I remember, for example, that Duane Carrier was bullied by some piece of shit named John, who was probably abused at home. I forget his last name. I want to say it was Carlin, but I think John Carlin was the lead guitarist in the Joneses, which is the band my friend Jim was in and which competed with Phish, but never became famous. But they could both have been named John Carlin. And now that I think of it, it’s quite possible neither were. But for the purpose of this story, we’ll call him John Carlin.
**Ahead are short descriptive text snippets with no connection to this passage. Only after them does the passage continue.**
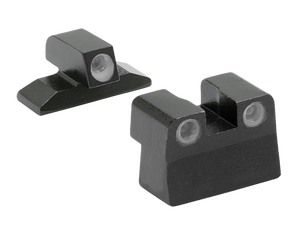 Meprolight USA 102423101 Tru-Dot Green Tritium White Outline Front Sight-Green Tritium White Outline Rear Sight Bersa Thunder 380 Meprolight USA 102423101 Tru-Dot Green Tritium White Outline Front Sight-Green Tritium White Outline Rear Sight Bersa Thunder 380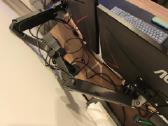 2 vnt. Aoc Q27g2s 27" monitoriai ir laikiklis - nuotraukos Nr. 2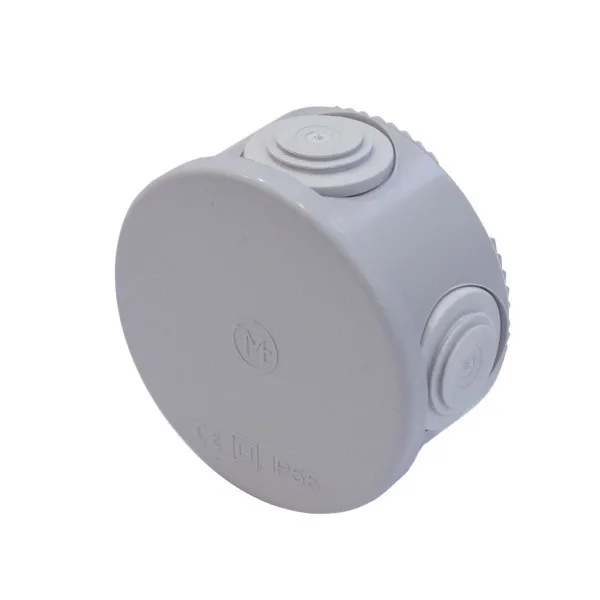 Caja derivación estanca ø60x45 mm diall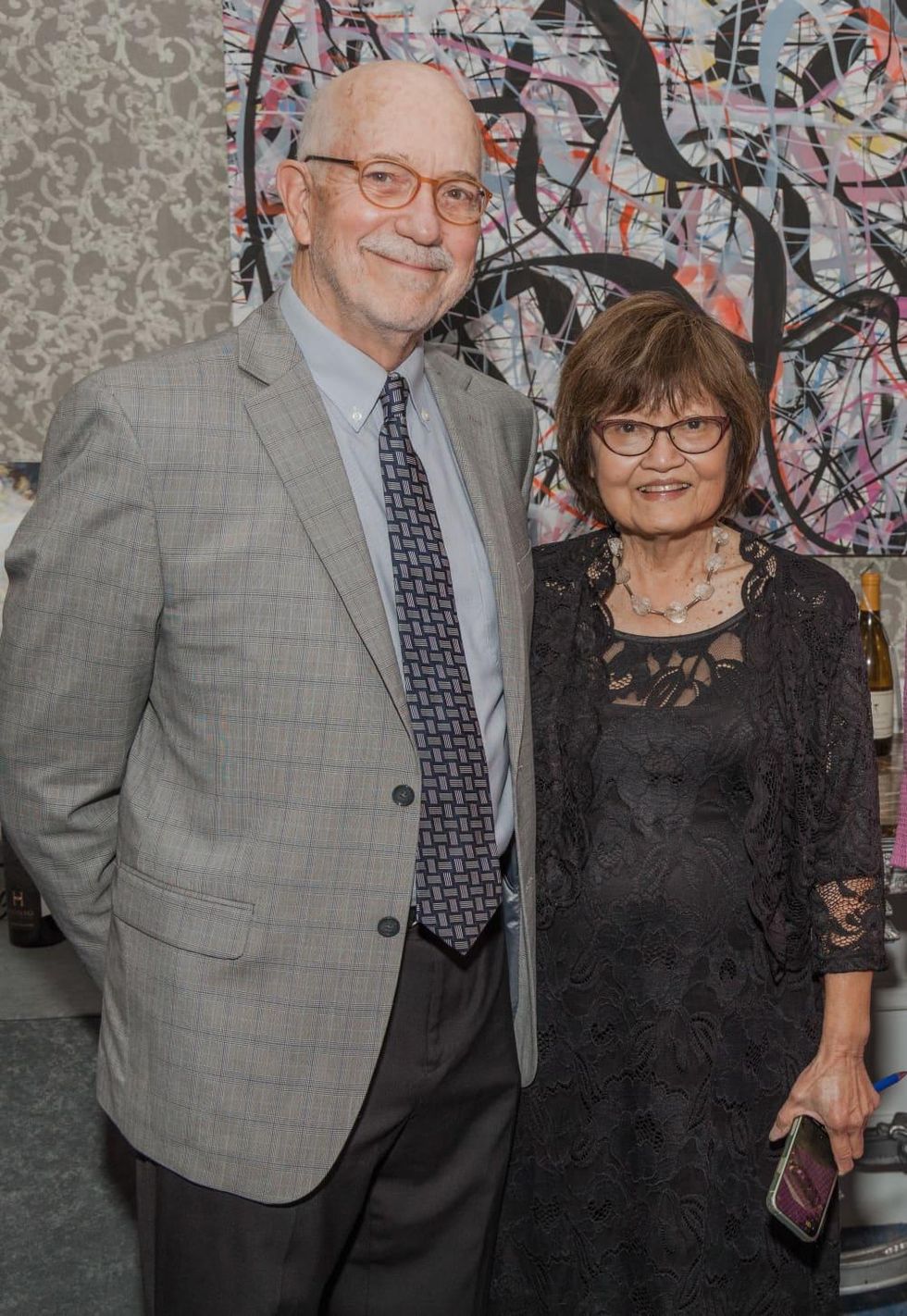 Ron and Nina Sanchez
And this is the exact sort of problem that has prevented the forgetoir from becoming as popular as the memoir.
The important part of the Duane Carrier story that I forget, though, is why nobody else (and by “nobody else” I principally mean me) stood up for Duane. Part of the reason is no doubt that I was afraid of John Carlin. I forget why I was afraid of him except that, since he pushed Duane down and then stepped on him, I guess he was the kind of person to fear, especially as a smaller than average eighth grader. The other part of the story, which is even less flattering, insofar as there is anything less flattering than cowardice, is that I didn’t particularly like Duane. I was not alone in this. Duane was not well-liked. In fact, Duane was disliked, for obscure reasons that I’m sure nobody who was in that school at that time could explain and, if they could have explained themselves then, they have all forgotten.
And this the genius of the forgetoir genre. This is where the forgetoir finds truth where the memoir finds excuse. How can it be that every one of the 68 boys in Lyman C. Hunt Junior High in the Bicentennial year of our republic, some of whom actively bullied Duane Carrier and none of whom lifted a finger to stop the bullying, has forgotten why it is they singled out Duane for suffering? The one thing I do remember, is that this was through no fault of Duane’s. If Duane ever said an unkind word, I have forgotten it. I have for many years harbored the hope that, despite nobody standing up for Duane (again, for reasons everyone has forgotten), that he rose above his circumstances and finally realized his inner greatness.
That hope is somewhat dimished after a bit of research. The only Duane Carrier I have found who was 1) mentioned in my hometown newspaper and 2) my age (20 in 1983), made the paper not because he overcame the legacy of bullying to write a best-selling forgetoir, but because he was sentenced to two to five years “after being found guilty of seven charges including accessory to assault and robbery, possession of stolen property and simple assault. According to a police affadavit, Carrier and three others held a man, hit him in the head several times and took his wallet on Church street May 4. Carrier also snatched a purse containing $1,040” (Burlington Free Press, September 2, 1983, p. 18). He was identified as being from Milton, not Burlington, and I forget whether Duane might have moved out of Burlington or not. The silver lining there is that he apparently, by age 20, had three friends to pal around and assault with. I had hoped for better though.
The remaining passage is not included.